Give me your best argument against Solipsism

There's an old joke that Alan Watts used to say about solipsism, saying it was laughable, but he knew people who took it seriously. His one wish wwas to go to a an International Conference for Solipsism and see the atendes argue over who was the real one.

It seems to me that an enormous amount of western philosophy and Indian philosophy deals with questions related to the self-other or subject-object (or atman-brahman) distinction.

I was thinking about this when I wrote that post, because the Upanisads have that well known declaration "you are that/tat tvam asi." This is literally the exact opposite of what I said earlier.

I was also thinking of a passage from Mark Twain,

"Then, all tranquilly and soberly, he made the strange answer, “There is no other.”

A subtle influence blew upon my spirit from his, bringing with it a vague, dim, but blessed and hopeful feeling that the incredible words might be true—even must be true.

“Have you never suspected this, Theodor?”

“No. How could I? But if it can only be true—”

“It is true.”

A gust of thankfulness rose in my breast, but a doubt checked it before it could issue in words, and I said, “But—but—we have seen that future life—seen it in its actuality, and so—”

“It was a vision—it had no existence.”

I could hardly breathe for the great hope that was struggling in me. “A vision?—a vi—”

“Life itself is only a vision, a dream.”

It was electrical. By God! I had had that very thought a thousand times in my musings!

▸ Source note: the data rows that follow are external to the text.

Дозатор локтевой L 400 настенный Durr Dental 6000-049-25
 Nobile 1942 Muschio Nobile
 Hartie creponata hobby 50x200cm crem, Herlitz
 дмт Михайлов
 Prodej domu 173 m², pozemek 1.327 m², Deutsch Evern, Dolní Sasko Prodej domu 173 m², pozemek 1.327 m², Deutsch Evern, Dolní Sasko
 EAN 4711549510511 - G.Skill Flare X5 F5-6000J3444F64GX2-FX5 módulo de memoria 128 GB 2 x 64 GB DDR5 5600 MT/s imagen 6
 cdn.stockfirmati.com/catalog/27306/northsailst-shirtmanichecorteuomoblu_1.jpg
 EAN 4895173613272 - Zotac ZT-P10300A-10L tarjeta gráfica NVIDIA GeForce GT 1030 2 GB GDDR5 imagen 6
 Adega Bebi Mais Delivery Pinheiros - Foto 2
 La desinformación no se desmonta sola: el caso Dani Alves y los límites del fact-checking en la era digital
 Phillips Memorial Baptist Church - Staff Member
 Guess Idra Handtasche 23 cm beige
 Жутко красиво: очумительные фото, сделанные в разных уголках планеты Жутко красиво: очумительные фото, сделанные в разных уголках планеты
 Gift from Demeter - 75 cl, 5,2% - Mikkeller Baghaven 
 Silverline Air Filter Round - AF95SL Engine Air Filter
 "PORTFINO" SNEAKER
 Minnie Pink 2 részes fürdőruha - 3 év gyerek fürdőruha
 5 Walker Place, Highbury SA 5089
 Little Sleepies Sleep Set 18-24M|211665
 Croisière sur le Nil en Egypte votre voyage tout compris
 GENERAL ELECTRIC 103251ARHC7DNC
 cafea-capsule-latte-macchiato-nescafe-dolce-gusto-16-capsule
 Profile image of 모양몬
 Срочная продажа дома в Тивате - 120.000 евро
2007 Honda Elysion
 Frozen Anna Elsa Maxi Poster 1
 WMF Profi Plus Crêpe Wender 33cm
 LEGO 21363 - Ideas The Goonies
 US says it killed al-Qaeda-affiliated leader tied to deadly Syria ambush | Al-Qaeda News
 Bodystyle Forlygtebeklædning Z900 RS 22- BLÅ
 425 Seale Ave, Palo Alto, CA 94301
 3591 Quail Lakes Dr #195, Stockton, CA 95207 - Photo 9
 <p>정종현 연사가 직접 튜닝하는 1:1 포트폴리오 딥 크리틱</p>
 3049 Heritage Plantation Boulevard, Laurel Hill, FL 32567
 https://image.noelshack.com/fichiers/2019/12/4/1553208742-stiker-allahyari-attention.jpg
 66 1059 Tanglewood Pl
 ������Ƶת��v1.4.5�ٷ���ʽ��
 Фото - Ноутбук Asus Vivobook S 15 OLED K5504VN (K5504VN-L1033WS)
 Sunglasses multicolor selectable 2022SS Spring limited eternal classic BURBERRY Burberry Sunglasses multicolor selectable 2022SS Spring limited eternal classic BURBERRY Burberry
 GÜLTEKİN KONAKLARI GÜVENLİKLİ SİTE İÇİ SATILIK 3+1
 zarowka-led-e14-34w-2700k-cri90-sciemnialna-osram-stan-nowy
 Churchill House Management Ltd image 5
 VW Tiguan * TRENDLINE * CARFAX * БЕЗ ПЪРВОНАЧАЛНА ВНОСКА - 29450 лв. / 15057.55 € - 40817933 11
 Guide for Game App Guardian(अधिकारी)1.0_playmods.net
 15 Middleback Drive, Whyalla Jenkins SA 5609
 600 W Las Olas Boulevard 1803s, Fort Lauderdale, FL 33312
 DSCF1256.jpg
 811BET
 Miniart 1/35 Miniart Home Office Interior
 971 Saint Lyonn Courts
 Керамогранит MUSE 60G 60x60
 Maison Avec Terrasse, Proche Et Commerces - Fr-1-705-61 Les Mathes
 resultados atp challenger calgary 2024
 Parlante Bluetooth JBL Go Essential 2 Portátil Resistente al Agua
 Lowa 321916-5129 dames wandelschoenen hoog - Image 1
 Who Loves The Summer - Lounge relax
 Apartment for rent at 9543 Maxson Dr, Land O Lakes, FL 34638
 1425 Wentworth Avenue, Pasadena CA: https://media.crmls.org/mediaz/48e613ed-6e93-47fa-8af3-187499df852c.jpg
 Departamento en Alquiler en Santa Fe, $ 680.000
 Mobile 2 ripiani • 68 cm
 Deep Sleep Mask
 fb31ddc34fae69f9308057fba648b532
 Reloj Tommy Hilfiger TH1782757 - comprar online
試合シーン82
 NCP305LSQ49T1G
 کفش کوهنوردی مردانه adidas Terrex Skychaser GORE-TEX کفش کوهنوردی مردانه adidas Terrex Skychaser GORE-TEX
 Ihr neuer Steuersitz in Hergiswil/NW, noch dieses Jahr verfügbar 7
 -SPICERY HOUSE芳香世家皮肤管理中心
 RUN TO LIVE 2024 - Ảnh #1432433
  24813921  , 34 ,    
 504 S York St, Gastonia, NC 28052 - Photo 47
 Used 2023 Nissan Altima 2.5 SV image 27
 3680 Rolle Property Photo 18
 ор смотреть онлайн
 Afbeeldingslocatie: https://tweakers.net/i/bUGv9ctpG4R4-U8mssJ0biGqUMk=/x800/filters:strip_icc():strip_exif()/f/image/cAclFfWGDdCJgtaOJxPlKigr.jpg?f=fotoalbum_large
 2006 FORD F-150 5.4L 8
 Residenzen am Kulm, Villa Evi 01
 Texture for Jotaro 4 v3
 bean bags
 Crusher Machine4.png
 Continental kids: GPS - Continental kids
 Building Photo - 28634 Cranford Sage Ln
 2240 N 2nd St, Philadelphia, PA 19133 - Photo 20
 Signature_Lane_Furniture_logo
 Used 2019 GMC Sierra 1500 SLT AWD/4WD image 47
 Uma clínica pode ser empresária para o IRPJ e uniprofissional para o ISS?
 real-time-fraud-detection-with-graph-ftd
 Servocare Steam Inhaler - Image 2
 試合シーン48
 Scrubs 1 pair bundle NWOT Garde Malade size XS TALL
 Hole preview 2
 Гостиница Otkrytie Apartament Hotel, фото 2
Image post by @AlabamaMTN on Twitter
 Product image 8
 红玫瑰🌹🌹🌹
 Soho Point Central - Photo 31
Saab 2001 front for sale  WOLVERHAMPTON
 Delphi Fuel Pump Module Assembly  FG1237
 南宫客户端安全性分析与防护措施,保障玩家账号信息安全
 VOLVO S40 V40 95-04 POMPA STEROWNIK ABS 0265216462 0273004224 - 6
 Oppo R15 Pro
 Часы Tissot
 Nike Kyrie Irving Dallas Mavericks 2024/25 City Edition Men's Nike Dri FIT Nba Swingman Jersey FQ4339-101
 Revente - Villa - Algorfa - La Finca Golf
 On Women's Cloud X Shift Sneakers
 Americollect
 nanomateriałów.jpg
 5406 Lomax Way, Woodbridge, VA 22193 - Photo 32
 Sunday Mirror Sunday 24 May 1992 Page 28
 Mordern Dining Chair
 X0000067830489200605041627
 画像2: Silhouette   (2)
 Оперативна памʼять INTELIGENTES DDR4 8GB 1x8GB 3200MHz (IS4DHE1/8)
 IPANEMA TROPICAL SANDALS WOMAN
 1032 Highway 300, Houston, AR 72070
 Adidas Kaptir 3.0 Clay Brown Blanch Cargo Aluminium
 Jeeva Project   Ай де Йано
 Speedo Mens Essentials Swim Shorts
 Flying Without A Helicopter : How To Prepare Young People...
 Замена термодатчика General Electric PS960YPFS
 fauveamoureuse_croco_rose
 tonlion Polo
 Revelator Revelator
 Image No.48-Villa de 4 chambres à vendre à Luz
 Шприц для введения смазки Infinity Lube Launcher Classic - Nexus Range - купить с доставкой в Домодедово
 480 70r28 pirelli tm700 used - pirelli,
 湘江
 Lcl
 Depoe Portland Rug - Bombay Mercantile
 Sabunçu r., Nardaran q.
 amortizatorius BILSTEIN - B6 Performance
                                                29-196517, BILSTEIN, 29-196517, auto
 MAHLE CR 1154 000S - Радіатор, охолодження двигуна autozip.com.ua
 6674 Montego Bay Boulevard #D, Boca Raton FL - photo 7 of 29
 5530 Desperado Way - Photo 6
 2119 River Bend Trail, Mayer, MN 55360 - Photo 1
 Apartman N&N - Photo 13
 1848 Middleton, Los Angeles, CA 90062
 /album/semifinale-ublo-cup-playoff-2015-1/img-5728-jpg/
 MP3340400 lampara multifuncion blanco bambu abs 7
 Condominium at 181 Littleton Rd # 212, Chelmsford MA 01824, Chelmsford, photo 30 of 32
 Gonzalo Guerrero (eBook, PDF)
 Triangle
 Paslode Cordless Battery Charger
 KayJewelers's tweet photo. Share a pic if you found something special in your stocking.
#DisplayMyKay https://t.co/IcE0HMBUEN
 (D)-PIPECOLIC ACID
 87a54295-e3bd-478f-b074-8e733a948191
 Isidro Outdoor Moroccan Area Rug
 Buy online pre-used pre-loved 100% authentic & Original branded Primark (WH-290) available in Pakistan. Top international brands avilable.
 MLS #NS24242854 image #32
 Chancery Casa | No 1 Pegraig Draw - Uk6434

“Nothing exists; all is a dream. God—man—the world—the sun, the moon, the wilderness of stars—a dream, all a dream; they have no existence. Nothing exists save empty space—and you!”

“I!”

“And you are not you—you have no body, no blood, no bones, you are but a thought. I myself have no existence; I am but a dream—your dream, creature of your imagination. In a moment you will have realized this, then you will banish me from your visions and I shall dissolve into the nothingness out of which you made me...."

So I agree there is more to this matter, but I myself am quite convinced that the world exists and more or less for the reasons previously outlined.

I never was sure just what the Upanisads were getting at. It seemed more a mystical dissolution of the self than an assertion of self as God or self as All.